= Description of the task =
Take the entries that follow and return only the lines from the one with "Aqua Blue Sleeveless" through the final line, leaving every picture behind.

+++ Data extract +++

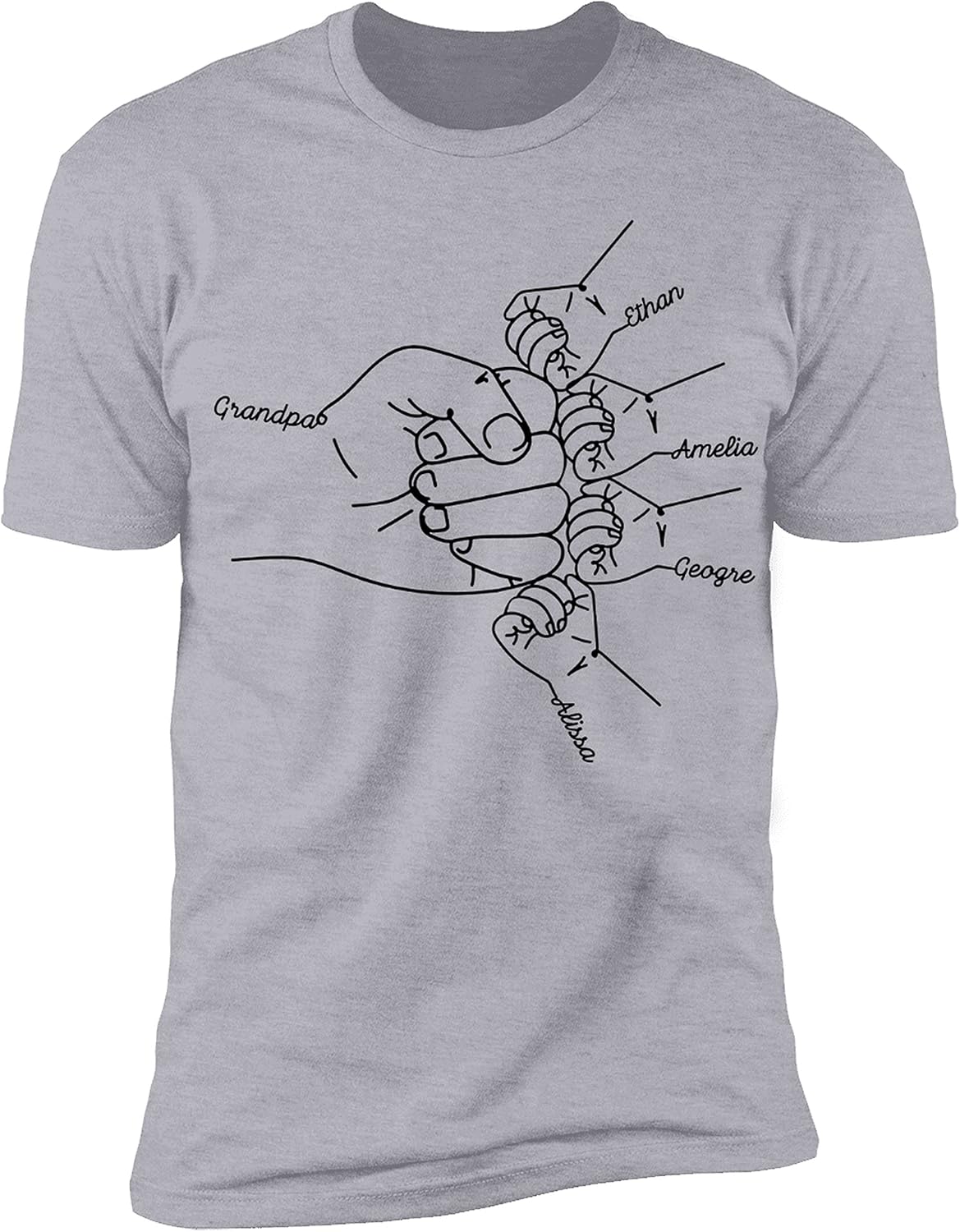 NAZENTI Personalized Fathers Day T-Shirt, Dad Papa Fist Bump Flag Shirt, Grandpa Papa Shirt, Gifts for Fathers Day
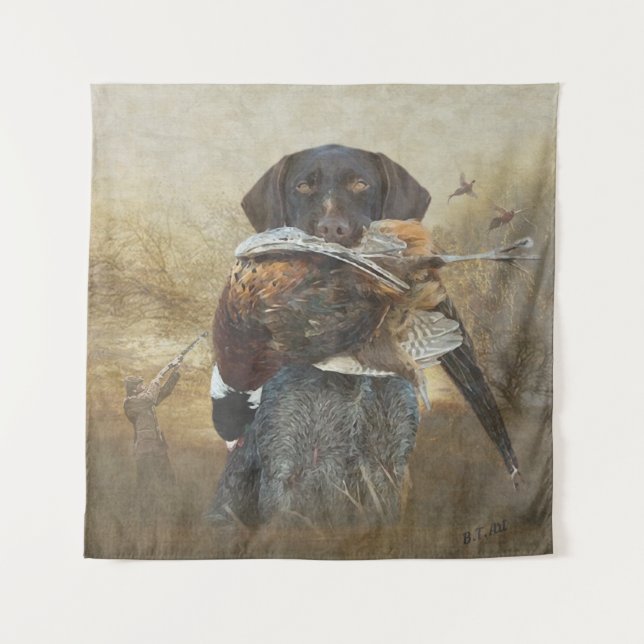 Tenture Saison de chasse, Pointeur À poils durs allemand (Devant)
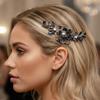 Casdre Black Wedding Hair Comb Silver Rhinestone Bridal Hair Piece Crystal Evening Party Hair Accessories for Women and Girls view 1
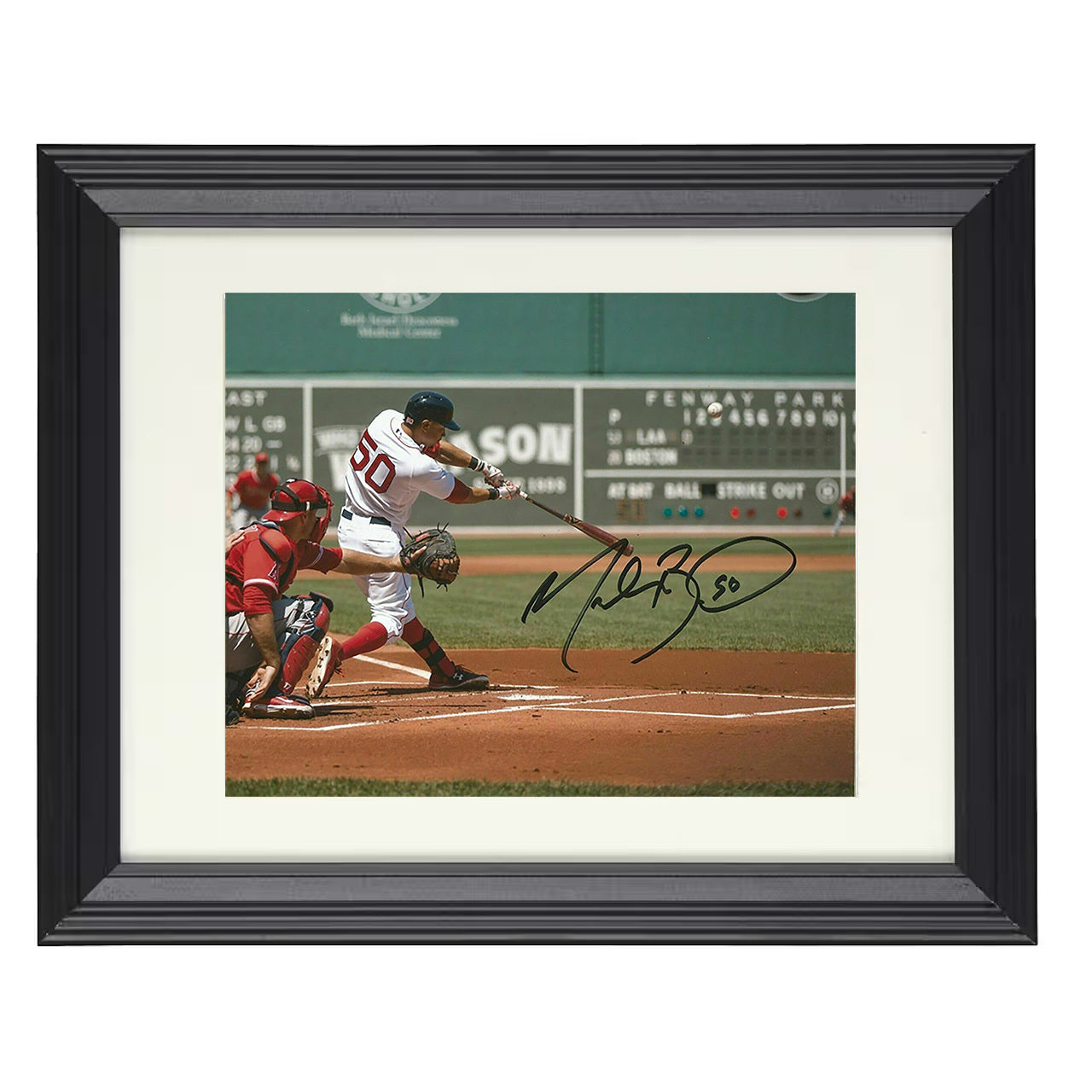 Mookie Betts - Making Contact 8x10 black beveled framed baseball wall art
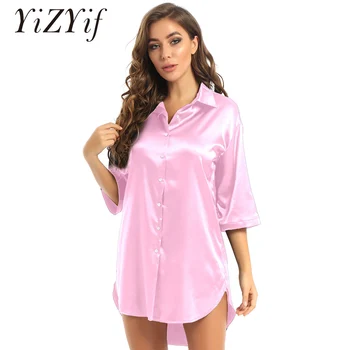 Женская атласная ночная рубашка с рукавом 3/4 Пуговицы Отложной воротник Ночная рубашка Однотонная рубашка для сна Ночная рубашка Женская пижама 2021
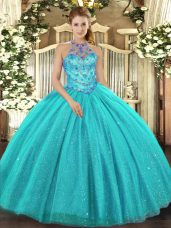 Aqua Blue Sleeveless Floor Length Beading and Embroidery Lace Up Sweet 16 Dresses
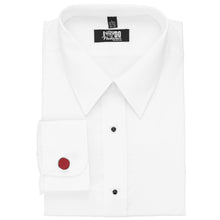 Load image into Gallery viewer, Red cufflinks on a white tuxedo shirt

+++

= Result =
 Aqua Blue Sleeveless Floor Length Beading and Embroidery Lace Up Sweet 16 Dresses
 Load image into Gallery viewer, Red cufflinks on a white tuxedo shirt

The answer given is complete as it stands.